Run Gemma and other on-device LLMs in your Flutter app — Android, iOS, Web, and Desktop.

Bring the power of Google's lightweight Gemma language models and other on-device LLMs directly to your Flutter applications. With flutter_gemma you can seamlessly incorporate advanced AI capabilities into your apps — all without relying on external servers.

Gemma is a family of lightweight, state-of-the-art open models built from the same research and technology used to create the Gemini models. The plugin supports not only Gemma, but also Qwen, DeepSeek, Phi, FastVLM, SmolLM and more — see Models for the full list.

Features#

  • Local Execution: Run Gemma and other LLMs (Qwen, DeepSeek, Phi, FastVLM, SmolLM, …) directly on user devices for enhanced privacy and offline functionality.
  • Platform Support: Compatible with iOS, Android, Web, macOS, Windows, and Linux.
  • Desktop Support: Native desktop apps with GPU acceleration via LiteRT-LM, called directly from Dart through dart:ffi — no JVM/JRE bundling. See Desktop Support.
  • Multimodal Support: Text + image input with Gemma 4, Gemma3n, and FastVLM vision models. See Multimodal.
  • Audio Input: Record and send audio messages with Gemma 4 and Gemma3n models (Android, iOS device, Desktop).
  • Function Calling: Let models call external functions and integrate with other services. See Function Calling.
  • Thinking Mode: View the reasoning process of DeepSeek, Gemma 4, and Qwen3 models. See Thinking Mode.
  • Stop Generation: Cancel text generation mid-process on Android, iOS, Web, and Desktop.
  • Backend Switching: Choose between CPU and GPU backends for each model individually.
  • LoRA Support: Efficient fine-tuning and integration of LoRA (Low-Rank Adaptation) weights.
  • Enhanced Downloads: Smart retry logic with exponential backoff and automatic restart of interrupted downloads.
  • Android Foreground Service: Large downloads (>500MB) automatically use a foreground service to bypass the 9-minute timeout.
  • Text Embeddings & RAG: Generate vector embeddings (EmbeddingGemma, Gecko) and run on-device RAG. See Embeddings & RAG.
  • Web Persistent Caching: Models persist across browser restarts using the Cache API (Web only).

What's new in 1.0#

  • Modular package split — the monolith is now a small core (flutter_gemma) plus opt-in packages, so your app ships only the native weight it uses: flutter_gemma_litertlm (.litertlm), flutter_gemma_mediapipe (.task/.bin), flutter_gemma_embeddings, flutter_gemma_rag_qdrant, flutter_gemma_rag_sqlite. See Packages.
  • New FlutterGemma.initialize(...) registration — pass inferenceEngines, embeddingBackends, vectorStore for the packages you added. See Installation.
  • Every model / session / chat / embedding / RAG API is unchanged — migrating is just adding packages + the initialize call. See Migration.
  • Legacy sqlite + local_hnsw vector store removed — native RAG runs on qdrant-edge (flutter_gemma_rag_qdrant); web on wa-sqlite (flutter_gemma_rag_sqlite).

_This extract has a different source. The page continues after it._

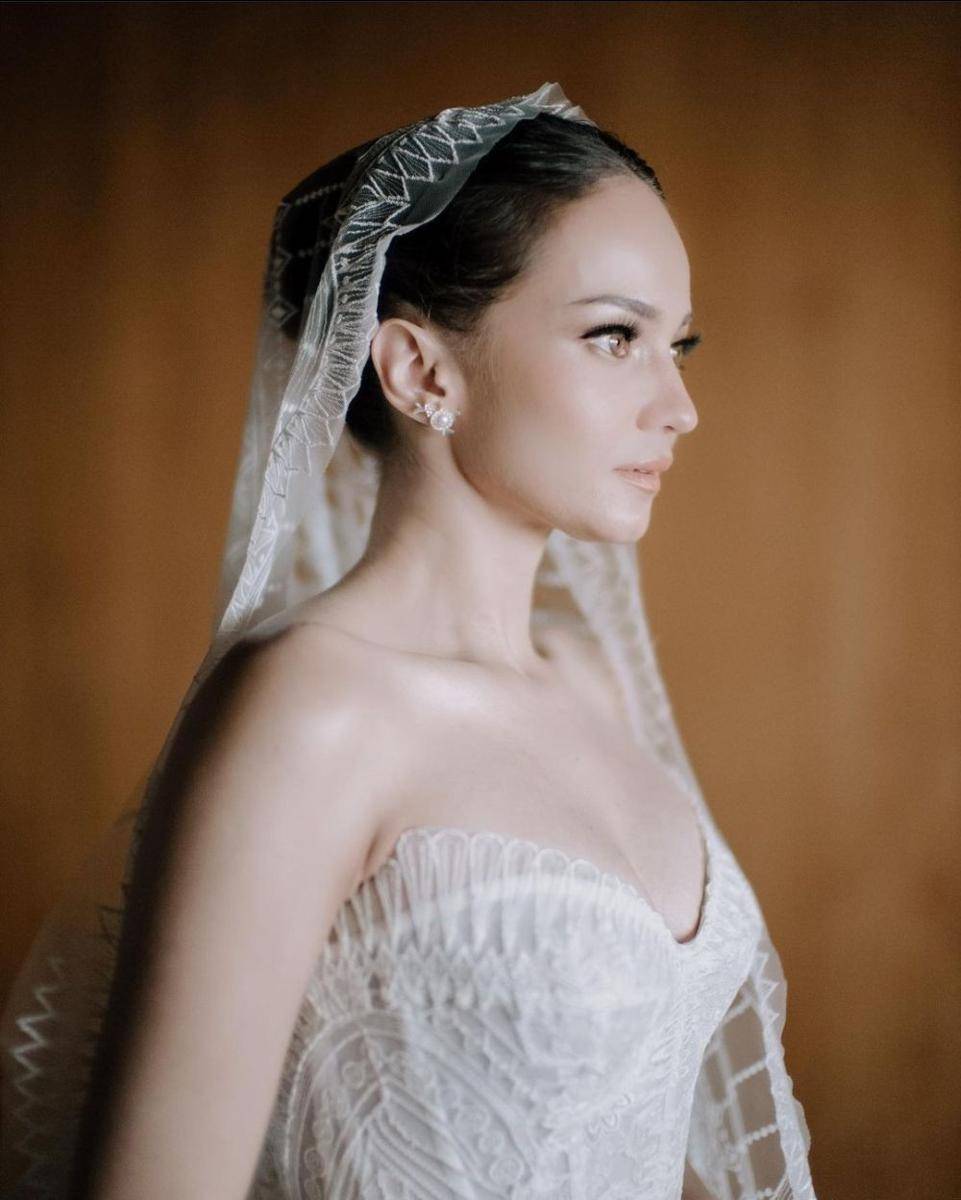 Resepsi Enzy Storia (instagram.com/enzystoria)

See the CHANGELOG for the full release history.

Quick Start#

Complete the [platform setup](/docs/installation) before running this code.

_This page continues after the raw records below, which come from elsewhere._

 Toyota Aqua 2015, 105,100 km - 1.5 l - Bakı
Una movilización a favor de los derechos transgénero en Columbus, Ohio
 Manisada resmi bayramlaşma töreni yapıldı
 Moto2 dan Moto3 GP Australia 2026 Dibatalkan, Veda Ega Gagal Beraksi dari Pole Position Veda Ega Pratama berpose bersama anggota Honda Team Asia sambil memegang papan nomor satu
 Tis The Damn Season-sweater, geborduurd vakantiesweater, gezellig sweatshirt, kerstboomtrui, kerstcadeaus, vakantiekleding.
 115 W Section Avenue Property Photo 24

1. Install a Model (One Time)#

import 'package:flutter_gemma/flutter_gemma.dart';

// Install model. The URL below uses the .litertlm variant so the same code
// works on Desktop (Windows/macOS/Linux) and mobile/web. For web only, the
// `.task` / `-web.task` variants of the same model also work.
await FlutterGemma.installModel(
  modelType: ModelType.gemmaIt,
).fromNetwork(
  'https://huggingface.co/litert-community/Gemma3-1B-IT/resolve/main/Gemma3-1B-IT_multi-prefill-seq_q4_ekv4096.litertlm',
  token: 'your_hf_token',
).withProgress((progress) {
  print('Downloading: $progress%');
}).install();
**Mobile/Web shortcut:** if you don't target Desktop, you can substitute the URL with the `.task` build of the same model. Desktop targets need the `.litertlm` build — `.task` and `.bin` are MediaPipe-only.

2. Create and Use a Model (Multiple Times)#

// Create model with specific configuration
final model = await FlutterGemma.getActiveModel(
  maxTokens: 2048,
  preferredBackend: PreferredBackend.gpu,
);

// Use model
final chat = await model.createChat();
await chat.addQueryChunk(Message.text(
  text: 'Explain quantum computing',
  isUser: true,
));
final response = await chat.generateChatResponse();

// Cleanup
await model.close();
`Message.isUser` defaults to `false`. Always pass `isUser: true` for user messages, or the model returns an empty response. Always `close()` sessions and models when you're done with them.

System Instructions#

Control model behavior with a system-level instruction:

final chat = await model.createChat(
  systemInstruction: 'You are a concise assistant. Always respond in bullet points.',
);

Platform support:

  • Android .litertlm / Desktop: passed natively via ConversationConfig.systemInstruction.
  • Android .task / iOS / Web: prepended to the first user message as a fallback.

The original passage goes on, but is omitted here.